- [Task instructions]
From the records below, set down exactly the lines starting with the line that contains "Item preview, No" and going on through the line that contains "Golden Days for the One Eyed". Nothing else is wanted.

*** Source material Section Begins ***

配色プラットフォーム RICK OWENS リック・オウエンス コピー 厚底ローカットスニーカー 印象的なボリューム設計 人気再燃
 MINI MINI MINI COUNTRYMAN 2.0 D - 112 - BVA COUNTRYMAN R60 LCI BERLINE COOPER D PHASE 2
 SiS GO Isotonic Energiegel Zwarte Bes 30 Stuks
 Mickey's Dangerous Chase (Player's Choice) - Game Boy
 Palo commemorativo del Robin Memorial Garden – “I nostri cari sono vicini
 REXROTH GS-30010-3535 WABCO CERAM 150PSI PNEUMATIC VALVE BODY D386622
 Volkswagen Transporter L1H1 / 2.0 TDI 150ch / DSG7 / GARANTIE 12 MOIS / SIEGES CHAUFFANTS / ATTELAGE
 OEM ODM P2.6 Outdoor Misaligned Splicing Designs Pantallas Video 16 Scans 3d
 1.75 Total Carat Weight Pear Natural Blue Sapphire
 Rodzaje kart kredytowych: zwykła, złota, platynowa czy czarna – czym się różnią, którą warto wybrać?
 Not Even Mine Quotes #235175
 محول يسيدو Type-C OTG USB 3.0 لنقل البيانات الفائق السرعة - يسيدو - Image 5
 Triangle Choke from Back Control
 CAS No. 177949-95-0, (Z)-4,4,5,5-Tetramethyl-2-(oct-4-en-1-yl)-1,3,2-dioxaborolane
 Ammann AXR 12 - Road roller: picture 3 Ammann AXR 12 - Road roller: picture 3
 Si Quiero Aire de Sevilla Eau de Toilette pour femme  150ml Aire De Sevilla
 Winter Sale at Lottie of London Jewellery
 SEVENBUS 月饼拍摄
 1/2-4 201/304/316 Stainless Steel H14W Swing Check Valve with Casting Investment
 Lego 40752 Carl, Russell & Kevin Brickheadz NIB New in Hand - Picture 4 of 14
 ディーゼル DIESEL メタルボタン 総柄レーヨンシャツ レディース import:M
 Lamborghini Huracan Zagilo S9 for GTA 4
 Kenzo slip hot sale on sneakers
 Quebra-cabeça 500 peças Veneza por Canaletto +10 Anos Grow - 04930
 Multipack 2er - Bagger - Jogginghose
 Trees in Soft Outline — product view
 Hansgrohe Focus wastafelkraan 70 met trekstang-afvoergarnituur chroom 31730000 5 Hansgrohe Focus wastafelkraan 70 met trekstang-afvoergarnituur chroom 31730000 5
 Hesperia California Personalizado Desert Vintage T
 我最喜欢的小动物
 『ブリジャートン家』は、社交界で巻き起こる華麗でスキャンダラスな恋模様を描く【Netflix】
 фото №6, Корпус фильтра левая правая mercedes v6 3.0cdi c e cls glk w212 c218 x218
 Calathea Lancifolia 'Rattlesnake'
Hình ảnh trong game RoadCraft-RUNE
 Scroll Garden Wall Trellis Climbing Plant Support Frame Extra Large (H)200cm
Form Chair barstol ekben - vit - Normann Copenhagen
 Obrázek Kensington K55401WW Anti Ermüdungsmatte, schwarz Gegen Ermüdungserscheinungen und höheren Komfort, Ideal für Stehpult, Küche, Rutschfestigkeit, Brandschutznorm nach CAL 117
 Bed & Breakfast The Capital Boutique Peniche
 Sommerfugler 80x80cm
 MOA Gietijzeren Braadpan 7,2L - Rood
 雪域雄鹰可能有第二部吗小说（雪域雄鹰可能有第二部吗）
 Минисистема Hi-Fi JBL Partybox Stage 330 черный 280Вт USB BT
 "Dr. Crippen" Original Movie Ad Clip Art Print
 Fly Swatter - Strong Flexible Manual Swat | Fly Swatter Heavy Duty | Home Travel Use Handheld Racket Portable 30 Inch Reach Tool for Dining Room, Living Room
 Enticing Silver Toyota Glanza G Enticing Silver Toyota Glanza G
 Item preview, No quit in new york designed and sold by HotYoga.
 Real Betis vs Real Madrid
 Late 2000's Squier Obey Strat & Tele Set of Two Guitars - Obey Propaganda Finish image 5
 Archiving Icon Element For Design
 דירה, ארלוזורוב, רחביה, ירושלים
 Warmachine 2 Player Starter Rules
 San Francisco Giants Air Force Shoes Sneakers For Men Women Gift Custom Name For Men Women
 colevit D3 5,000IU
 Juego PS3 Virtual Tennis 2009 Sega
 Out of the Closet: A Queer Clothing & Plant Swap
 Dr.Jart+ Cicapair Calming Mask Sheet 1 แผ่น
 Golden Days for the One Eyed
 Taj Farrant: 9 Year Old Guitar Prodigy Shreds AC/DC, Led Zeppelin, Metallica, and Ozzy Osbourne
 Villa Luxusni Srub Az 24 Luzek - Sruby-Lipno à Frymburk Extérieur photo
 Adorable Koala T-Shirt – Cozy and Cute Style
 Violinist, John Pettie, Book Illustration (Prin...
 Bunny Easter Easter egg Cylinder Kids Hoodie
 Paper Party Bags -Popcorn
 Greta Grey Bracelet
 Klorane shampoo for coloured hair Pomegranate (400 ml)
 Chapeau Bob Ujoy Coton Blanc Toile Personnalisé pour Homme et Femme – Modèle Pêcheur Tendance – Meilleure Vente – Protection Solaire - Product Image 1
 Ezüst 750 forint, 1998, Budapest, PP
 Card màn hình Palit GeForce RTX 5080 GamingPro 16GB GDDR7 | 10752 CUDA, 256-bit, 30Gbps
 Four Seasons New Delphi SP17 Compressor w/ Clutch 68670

*** Source material Section Ends ***

- [Expected output]
 Item preview, No quit in new york designed and sold by HotYoga.
 Real Betis vs Real Madrid
 Late 2000's Squier Obey Strat & Tele Set of Two Guitars - Obey Propaganda Finish image 5
 Archiving Icon Element For Design
 דירה, ארלוזורוב, רחביה, ירושלים
 Warmachine 2 Player Starter Rules
 San Francisco Giants Air Force Shoes Sneakers For Men Women Gift Custom Name For Men Women
 colevit D3 5,000IU
 Juego PS3 Virtual Tennis 2009 Sega
 Out of the Closet: A Queer Clothing & Plant Swap
 Dr.Jart+ Cicapair Calming Mask Sheet 1 แผ่น
 Golden Days for the One Eyed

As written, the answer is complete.